Rita Hayworth (October 17, 1918 – May 14, 1987) was an American actress, dancer, and pin-up girl. She achieved fame in the 1940s as one of the top stars of the Golden Age of Hollywood, and appeared in 61 films in total over 37 years. The press coined the term “The Love Goddess” to describe Hayworth, after she had become the most glamorous screen idol of the 1940s. She was the top pin-up girl for GIs during World War II.
Born Margarita Carmen Cansino in 1918 in Brooklyn, she came from a family of dancers. Her father, Eduardo Cansino, was a Spanish flamenco dancer, and her mother, Volga Hayworth, was an American showgirl. In the early 1930s, she performed professionally with her father in a dance act called The Dancing Cansinos, appearing in nightclubs and even in short films.
Cansino took a bit part in the film Cruz Diablo (1934) at age 16, which led to another bit part in the film In Caliente (1935) with the Mexican actress Dolores del Río. She danced with her father in such nightspots as the Foreign and the Caliente clubs. Winfield Sheehan, the head of the Fox Film Corporation, saw her dancing at the Caliente Club and quickly arranged for Hayworth to do a screen test a week later. Impressed by her screen persona, Sheehan signed her to a six-month contract at Fox under the name Rita Cansino, the first of two name changes during her film career.
During her time at Fox, Hayworth was billed as Rita Cansino and appeared in unremarkable roles, often cast as the exotic foreigner. In late 1934, aged 16, she performed a dance sequence in the Spencer Tracy film Dante’s Inferno (1935), and was put under contract in February 1935. She had her first speaking role as an Argentinian girl in Under the Pampas Moon (1935). She played an Egyptian girl in Charlie Chan in Egypt (1935), and a Russian dancer in Paddy O’Day (1935). Sheehan was grooming her for the lead in the 1936 Technicolor film Ramona, hoping to establish her as Fox Film’s new Dolores del Río.
By the end of her six-month contract, Fox had merged into 20th Century Fox, with Darryl F. Zanuck serving as the executive producer. Dismissing Sheehan’s interest in her and giving Loretta Young the lead in Ramona, Zanuck did not renew Cansino’s contract. Sensing her screen potential, salesman and promoter Edward C. Judson, with whom she would elope in 1937, got freelance work for her in several small-studio films and a part in the Columbia Pictures feature Meet Nero Wolfe (1936).
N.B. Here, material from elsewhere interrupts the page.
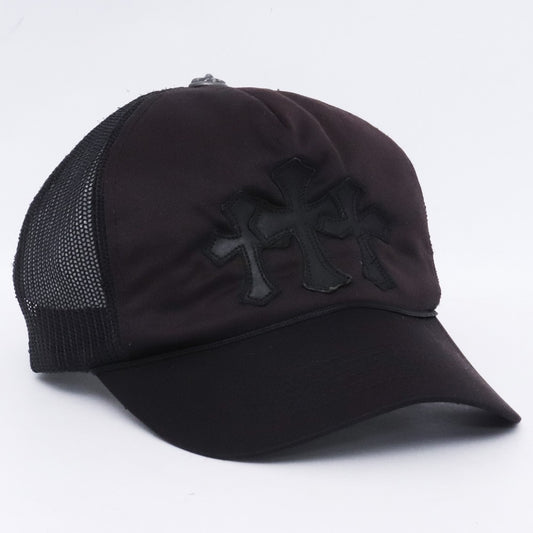 Chrome Hearts Old 3 Cemetery Cross Patch Cap Black Size F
Studio head Harry Cohn signed her to a seven-year contract and tried her out in small roles.
Cohn argued that her image was too Mediterranean, which limited her to being stereotyped in “exotic” roles that were fewer in number. He was heard to say her last name sounded too Spanish. Judson acted on Cohn’s advice: Rita Cansino became Rita Hayworth when she adopted her mother’s maiden name. Therefore, Cohn argued, people were more likely to regard her as a classic “American.” With Cohn and Judson’s encouragement, Hayworth also changed her hair color to ginger red hair and had electrolysis to raise her hairline and broaden the appearance of her forehead.
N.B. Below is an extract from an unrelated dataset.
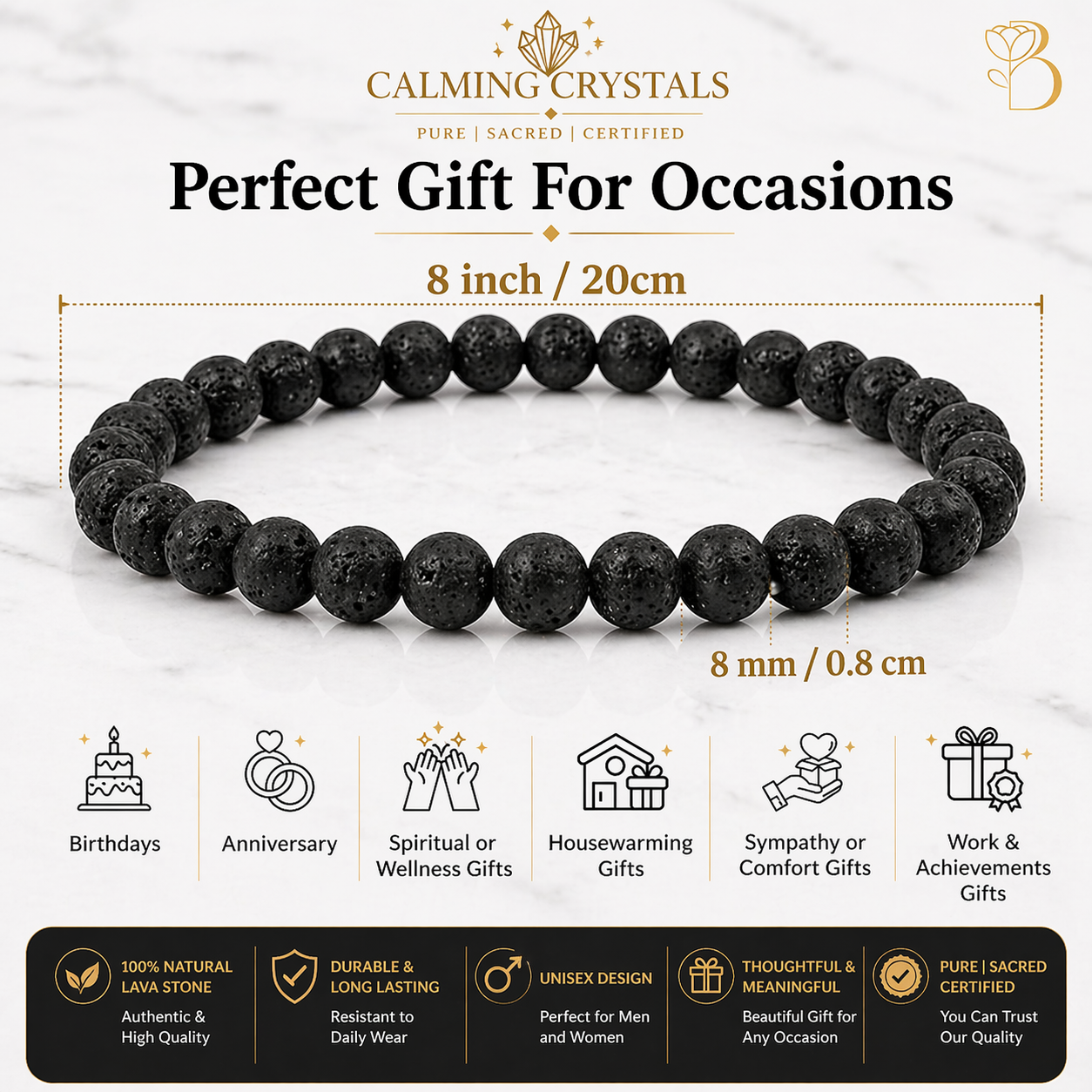 Natural Lava Rock Bracelet | 8mm Black Volcanic Stone Bracelet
Hayworth appeared in five minor Columbia pictures and three minor independent movies in 1937. The following year, she appeared in five Columbia B movies. In 1939, Cohn pressured director Howard Hawks to use Hayworth for a small, but important, role as a man-trap in the aviation drama Only Angels Have Wings, in which she played opposite Cary Grant and Jean Arthur.
Cohn began to build up Hayworth in 1940 in features such as Music in My Heart, The Lady in Question, and Angels Over Broadway. That year, she was first featured in a Life magazine cover story. While on loan to Warner Bros., Hayworth appeared as the second female lead in The Strawberry Blonde (1941), opposite James Cagney.
Off-screen, she was shy and soft-spoken, a sharp contrast to the sultry glamour she would later become famous for. She spent much of the decade learning how to project herself on film — dancing, posing, and acting — setting the stage for her rise in the 1940s as one of Hollywood’s greatest stars.